Stored items from a collection:
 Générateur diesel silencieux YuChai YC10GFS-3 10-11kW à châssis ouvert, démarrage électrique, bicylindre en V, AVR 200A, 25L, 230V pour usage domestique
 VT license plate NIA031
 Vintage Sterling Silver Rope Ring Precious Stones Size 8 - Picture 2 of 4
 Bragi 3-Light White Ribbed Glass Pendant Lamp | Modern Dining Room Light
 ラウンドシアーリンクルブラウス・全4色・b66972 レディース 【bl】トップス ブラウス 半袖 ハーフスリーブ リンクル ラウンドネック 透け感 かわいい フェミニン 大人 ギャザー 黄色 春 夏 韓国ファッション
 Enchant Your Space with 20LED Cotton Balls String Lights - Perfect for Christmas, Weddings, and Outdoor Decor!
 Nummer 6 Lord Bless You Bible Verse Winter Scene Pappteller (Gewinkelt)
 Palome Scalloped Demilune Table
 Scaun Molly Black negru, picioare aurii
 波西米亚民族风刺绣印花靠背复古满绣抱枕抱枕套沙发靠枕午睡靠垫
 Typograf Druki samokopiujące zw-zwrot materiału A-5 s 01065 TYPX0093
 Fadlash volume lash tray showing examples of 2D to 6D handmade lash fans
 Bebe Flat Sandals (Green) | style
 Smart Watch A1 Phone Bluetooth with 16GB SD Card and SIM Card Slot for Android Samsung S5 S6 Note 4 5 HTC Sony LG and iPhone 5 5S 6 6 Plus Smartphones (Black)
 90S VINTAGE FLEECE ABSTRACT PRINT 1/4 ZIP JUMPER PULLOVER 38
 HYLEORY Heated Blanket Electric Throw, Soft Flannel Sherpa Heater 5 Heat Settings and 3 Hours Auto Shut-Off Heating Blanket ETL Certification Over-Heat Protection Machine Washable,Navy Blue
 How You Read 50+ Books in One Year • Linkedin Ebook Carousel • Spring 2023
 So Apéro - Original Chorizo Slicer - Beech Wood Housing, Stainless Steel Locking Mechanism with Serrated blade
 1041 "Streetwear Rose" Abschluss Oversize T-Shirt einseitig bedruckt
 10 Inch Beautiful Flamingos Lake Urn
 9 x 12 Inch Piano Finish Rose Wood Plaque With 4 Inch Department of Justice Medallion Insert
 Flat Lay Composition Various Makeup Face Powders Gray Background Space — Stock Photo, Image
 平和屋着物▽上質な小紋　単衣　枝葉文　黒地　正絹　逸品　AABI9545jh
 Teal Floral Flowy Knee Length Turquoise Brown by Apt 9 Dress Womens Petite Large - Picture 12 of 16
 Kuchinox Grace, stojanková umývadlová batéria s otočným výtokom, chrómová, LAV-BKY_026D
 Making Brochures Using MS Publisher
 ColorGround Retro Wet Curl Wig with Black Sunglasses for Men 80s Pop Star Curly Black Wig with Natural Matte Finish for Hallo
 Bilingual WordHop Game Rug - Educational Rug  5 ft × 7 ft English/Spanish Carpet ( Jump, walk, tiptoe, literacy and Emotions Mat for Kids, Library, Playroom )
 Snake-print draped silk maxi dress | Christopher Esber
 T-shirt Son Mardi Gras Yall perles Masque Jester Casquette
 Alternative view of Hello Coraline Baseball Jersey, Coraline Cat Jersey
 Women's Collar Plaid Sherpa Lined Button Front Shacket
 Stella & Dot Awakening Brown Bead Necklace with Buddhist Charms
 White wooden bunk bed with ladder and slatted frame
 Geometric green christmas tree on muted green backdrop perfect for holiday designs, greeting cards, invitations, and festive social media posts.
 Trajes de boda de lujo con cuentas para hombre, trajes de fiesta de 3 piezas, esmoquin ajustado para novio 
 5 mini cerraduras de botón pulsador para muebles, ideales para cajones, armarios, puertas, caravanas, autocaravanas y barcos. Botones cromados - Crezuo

**TRY IT**
Filter the data above, keeping only lines that include the string "Sherpa".

**TASK SOLUTION**
 HYLEORY Heated Blanket Electric Throw, Soft Flannel Sherpa Heater 5 Heat Settings and 3 Hours Auto Shut-Off Heating Blanket ETL Certification Over-Heat Protection Machine Washable,Navy Blue
 Women's Collar Plaid Sherpa Lined Button Front Shacket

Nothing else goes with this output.